╭──

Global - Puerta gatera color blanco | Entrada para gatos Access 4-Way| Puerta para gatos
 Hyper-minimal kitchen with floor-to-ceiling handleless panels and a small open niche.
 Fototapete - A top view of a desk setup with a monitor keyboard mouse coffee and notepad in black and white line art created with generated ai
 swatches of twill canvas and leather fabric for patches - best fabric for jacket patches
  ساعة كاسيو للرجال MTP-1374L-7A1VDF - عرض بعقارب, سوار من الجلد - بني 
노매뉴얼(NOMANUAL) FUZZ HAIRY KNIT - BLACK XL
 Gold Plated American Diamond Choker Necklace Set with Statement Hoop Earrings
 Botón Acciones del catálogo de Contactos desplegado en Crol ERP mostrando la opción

╰──

▶ [WHAT THE EXERCISE ASKS]:
Reproduce all of the entries verbatim.

▶ [FINISHED EXERCISE]:
Global - Puerta gatera color blanco | Entrada para gatos Access 4-Way| Puerta para gatos
 Hyper-minimal kitchen with floor-to-ceiling handleless panels and a small open niche.
 Fototapete - A top view of a desk setup with a monitor keyboard mouse coffee and notepad in black and white line art created with generated ai
 swatches of twill canvas and leather fabric for patches - best fabric for jacket patches
  ساعة كاسيو للرجال MTP-1374L-7A1VDF - عرض بعقارب, سوار من الجلد - بني 
노매뉴얼(NOMANUAL) FUZZ HAIRY KNIT - BLACK XL
 Gold Plated American Diamond Choker Necklace Set with Statement Hoop Earrings
 Botón Acciones del catálogo de Contactos desplegado en Crol ERP mostrando la opción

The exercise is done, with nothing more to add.